** Data provided follows **

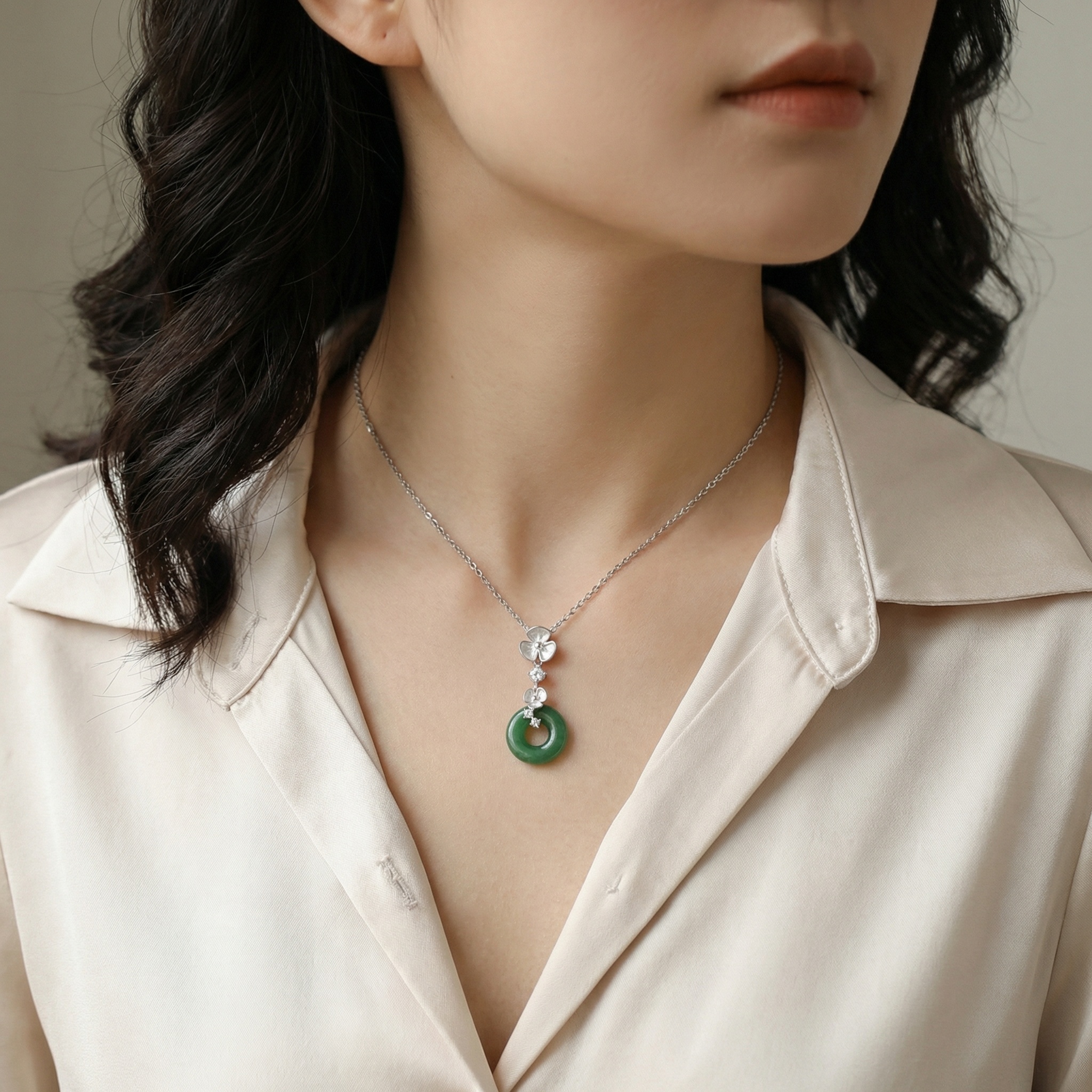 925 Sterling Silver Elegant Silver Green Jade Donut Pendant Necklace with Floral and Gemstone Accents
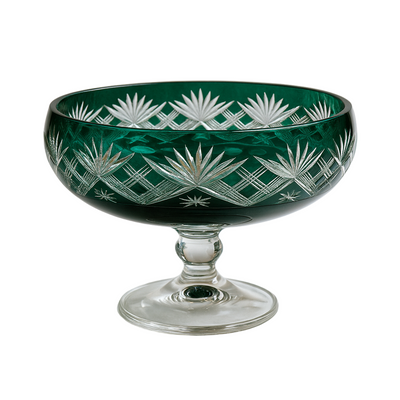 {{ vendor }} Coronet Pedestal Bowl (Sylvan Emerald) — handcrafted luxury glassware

** End of Data provided **
** Data provided follows **

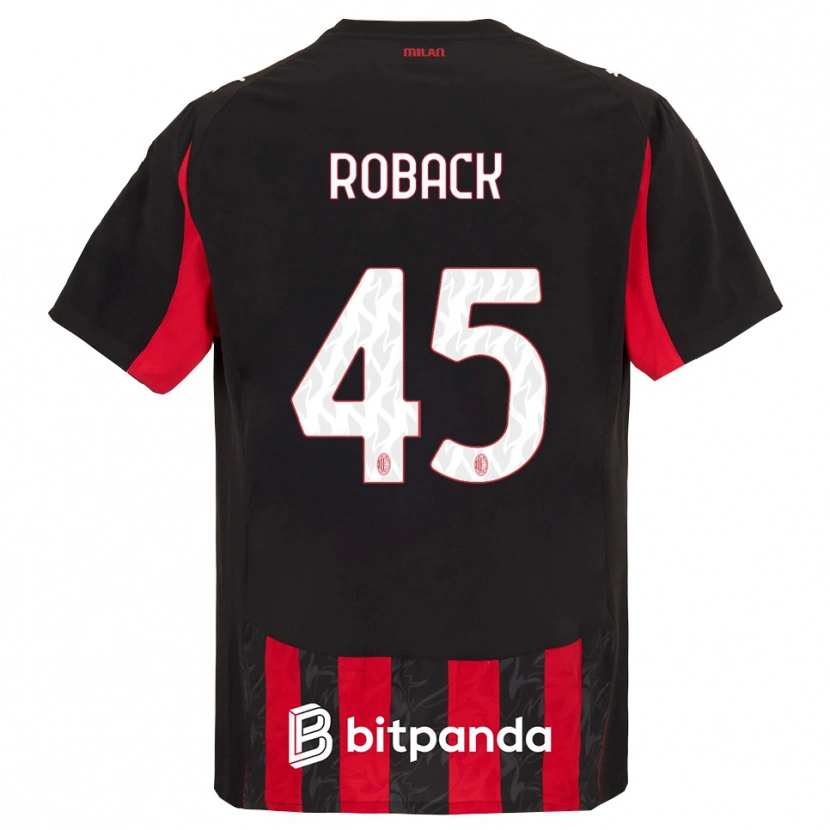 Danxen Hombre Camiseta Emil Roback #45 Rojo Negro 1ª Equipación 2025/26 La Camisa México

** End of Data provided **

**Description of the task**.
Copy word for word only the lines above from the one with "925 Sterling Silver" through the one with "handcrafted luxury glassware". Leave pictures out.

**Response for this exercise**.
 925 Sterling Silver Elegant Silver Green Jade Donut Pendant Necklace with Floral and Gemstone Accents
 {{ vendor }} Coronet Pedestal Bowl (Sylvan Emerald) — handcrafted luxury glassware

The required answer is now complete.